[INSTRUCTIONS TO FOLLOW] Repeat the data below exactly, dropping any pictures it holds.

[SOURCE DATA]
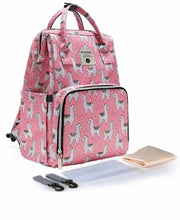 Load image into Gallery viewer, MOMMY MULTI-FUNCTION PRINTED BACKPACK
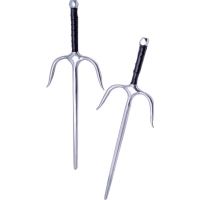 Master Cutlery Chrome Octagon Sai Set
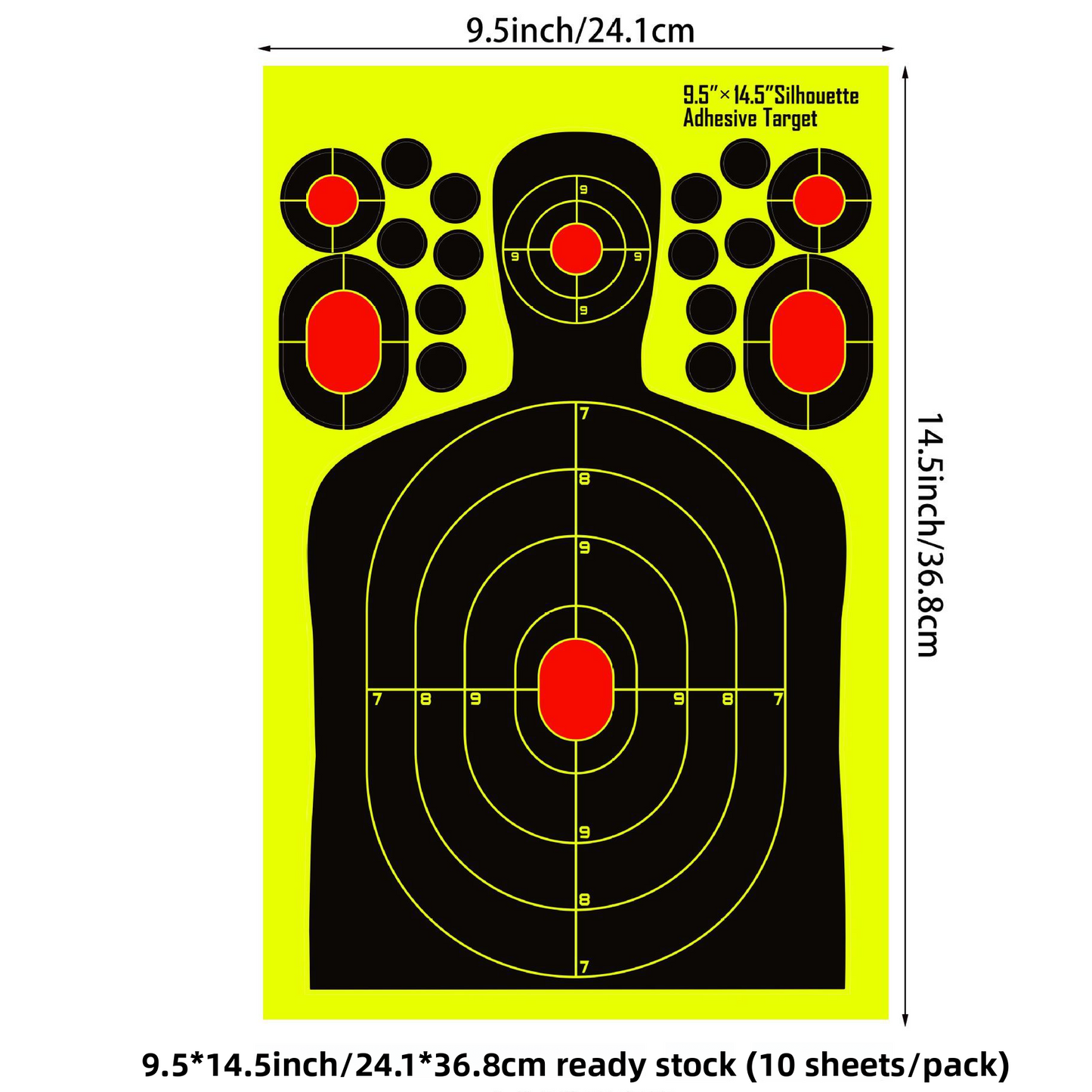 Fluorescent Shooting Target Stickers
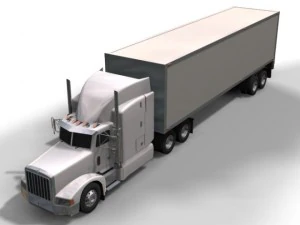 peterbilt with trailer and tank trailer 3D Model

[OUTPUT OF THE EXERCISE]
 Load image into Gallery viewer, MOMMY MULTI-FUNCTION PRINTED BACKPACK
 Master Cutlery Chrome Octagon Sai Set
 Fluorescent Shooting Target Stickers
 peterbilt with trailer and tank trailer 3D Model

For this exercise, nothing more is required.